* _Exercise goal_: Look below for the line that contains "Exterior view of", then copy it and each following line exactly, through and including the line that contains "the Oklahoma Soone".

------ Extracted material ------

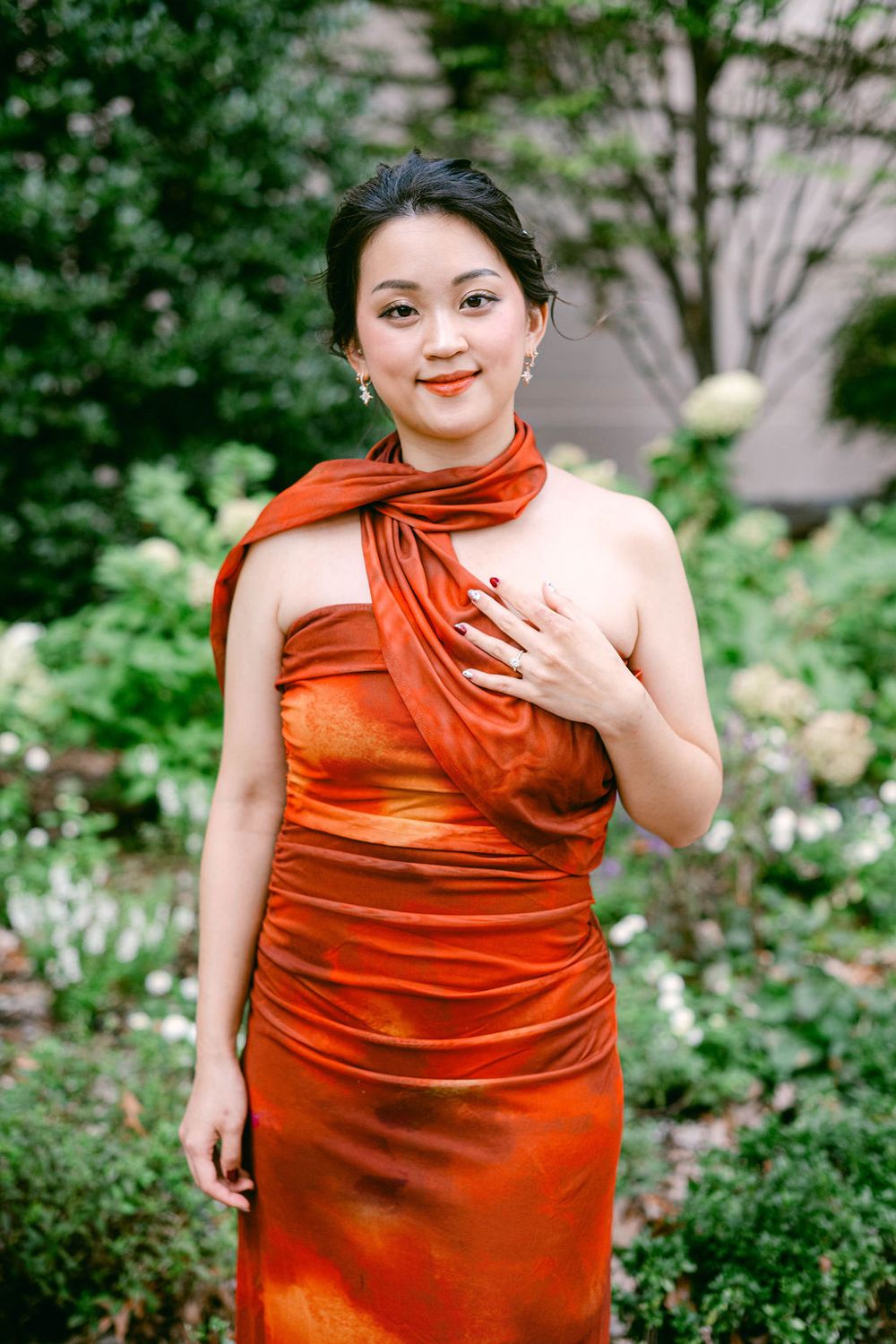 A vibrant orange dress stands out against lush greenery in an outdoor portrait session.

------
------ Extracted material ------

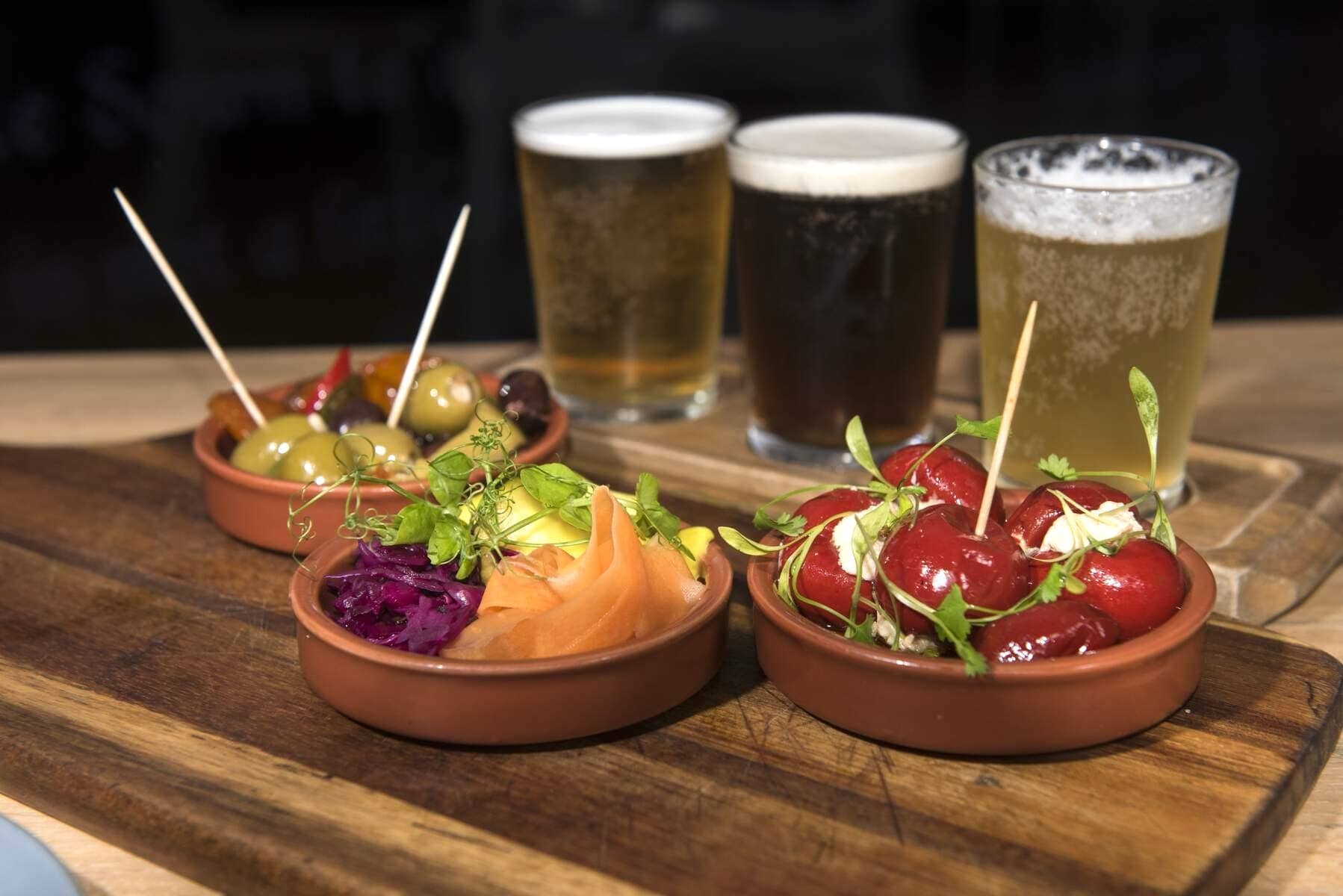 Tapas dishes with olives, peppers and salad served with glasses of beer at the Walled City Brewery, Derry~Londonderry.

------
------ Extracted material ------

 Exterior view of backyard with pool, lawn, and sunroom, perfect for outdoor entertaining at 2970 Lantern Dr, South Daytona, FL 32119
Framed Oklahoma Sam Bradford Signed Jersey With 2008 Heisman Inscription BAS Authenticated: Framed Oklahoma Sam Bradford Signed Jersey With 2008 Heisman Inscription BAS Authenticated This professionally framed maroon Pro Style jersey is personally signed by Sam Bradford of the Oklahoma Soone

------

* _Solution_:
 Exterior view of backyard with pool, lawn, and sunroom, perfect for outdoor entertaining at 2970 Lantern Dr, South Daytona, FL 32119
Framed Oklahoma Sam Bradford Signed Jersey With 2008 Heisman Inscription BAS Authenticated: Framed Oklahoma Sam Bradford Signed Jersey With 2008 Heisman Inscription BAS Authenticated This professionally framed maroon Pro Style jersey is personally signed by Sam Bradford of the Oklahoma Soone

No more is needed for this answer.